What is required - Using the data beneath this instruction, retype only the lines from the one that contains "Commode MOLDE Blanc" down to the one that contains "K2-SR, pack ukulélé", both included, exactly as they appear.

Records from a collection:
----
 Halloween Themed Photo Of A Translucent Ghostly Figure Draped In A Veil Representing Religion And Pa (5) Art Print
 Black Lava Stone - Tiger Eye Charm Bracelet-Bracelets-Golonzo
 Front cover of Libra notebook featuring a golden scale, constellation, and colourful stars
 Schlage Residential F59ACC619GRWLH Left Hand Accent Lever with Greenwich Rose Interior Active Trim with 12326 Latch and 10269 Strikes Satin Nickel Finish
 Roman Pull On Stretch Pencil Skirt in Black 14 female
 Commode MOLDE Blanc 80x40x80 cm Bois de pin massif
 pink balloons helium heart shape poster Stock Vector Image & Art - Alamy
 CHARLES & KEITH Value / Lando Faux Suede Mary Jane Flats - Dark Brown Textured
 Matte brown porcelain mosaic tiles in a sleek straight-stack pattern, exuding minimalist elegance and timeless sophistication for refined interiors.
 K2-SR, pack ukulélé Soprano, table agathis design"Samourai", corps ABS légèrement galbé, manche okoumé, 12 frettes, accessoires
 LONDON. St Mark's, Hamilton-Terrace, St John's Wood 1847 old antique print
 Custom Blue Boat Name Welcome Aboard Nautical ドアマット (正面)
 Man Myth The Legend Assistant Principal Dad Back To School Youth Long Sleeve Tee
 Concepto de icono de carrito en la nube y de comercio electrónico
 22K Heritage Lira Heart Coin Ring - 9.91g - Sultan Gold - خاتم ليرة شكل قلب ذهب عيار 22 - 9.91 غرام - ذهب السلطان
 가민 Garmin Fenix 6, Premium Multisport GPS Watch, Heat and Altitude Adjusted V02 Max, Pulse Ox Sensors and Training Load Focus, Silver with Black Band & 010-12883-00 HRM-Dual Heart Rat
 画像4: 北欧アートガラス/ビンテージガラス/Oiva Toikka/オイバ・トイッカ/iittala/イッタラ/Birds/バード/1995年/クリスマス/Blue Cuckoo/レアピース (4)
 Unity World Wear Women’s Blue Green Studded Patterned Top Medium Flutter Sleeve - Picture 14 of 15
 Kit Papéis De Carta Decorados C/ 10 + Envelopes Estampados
----
Answer to this exercise -
 Commode MOLDE Blanc 80x40x80 cm Bois de pin massif
 pink balloons helium heart shape poster Stock Vector Image & Art - Alamy
 CHARLES & KEITH Value / Lando Faux Suede Mary Jane Flats - Dark Brown Textured
 Matte brown porcelain mosaic tiles in a sleek straight-stack pattern, exuding minimalist elegance and timeless sophistication for refined interiors.
 K2-SR, pack ukulélé Soprano, table agathis design"Samourai", corps ABS légèrement galbé, manche okoumé, 12 frettes, accessoires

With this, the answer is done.